The ban will not be an issue for American diners hungry for Brazilian dishes such as picanha, a famous cut from a cow’s rump.
“It doesn’t even come close to beef from Colorado,” Joao de Matos, one of the owners of top-notch Brazilian steakhouse Churrascaria Plataforma in New York City, said of his homeland’s beef in a telephone interview.
De Matos also buys meat from Texas, the biggest cattle producing state, and said he probably would not buy from Brazil even if the ban is lifted.
“Our supplier is the same that we had for 21 years,” de Matos said. “He doesn’t even know what Brazilian beef is.”
In Chicago, the historic center of the massive U.S. meat packing industry, managers of restaurants such as Carnivale and Zed451 said their themes may be Brazilian but the beef isn‘t.

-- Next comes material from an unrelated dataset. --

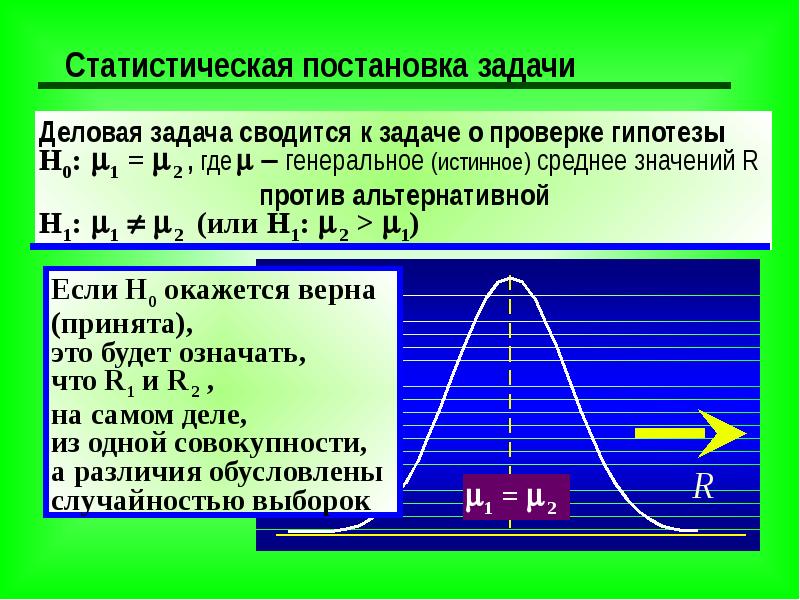 Урок исследование проверка гипотезы дальность полета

“We try to use local vendors but several chefs’ recipes are specific to Brazilian regions,” said an employee at Carnivale. “And we do have a couple of meats that come from Australia.”
Brazilian steakhouse chain Fogo de Chao has more than two dozen restaurants across the United States, as well as nine in Brazil. None of the meat used at their U.S. restaurants comes from Brazil, Mary Nelson, a spokeswoman for the chain, said in an email.
A little over 7,000 metric tons of fresh beef has been imported to the United States from Brazil so far in 2017, said Eric Mittenthal, spokesman for trade association the North American Meat Institute. That is a tiny fraction of total U.S. meat consumption, he added.
Much of the Brazilian meat is imported as trimmings, which typically end up used in hot dogs, meatballs and other processed meat products. (Reporting by Jonathan Allen in New York and Renita D. Young in Chicago; Editing by Jo Winterbottom and Bill Trott)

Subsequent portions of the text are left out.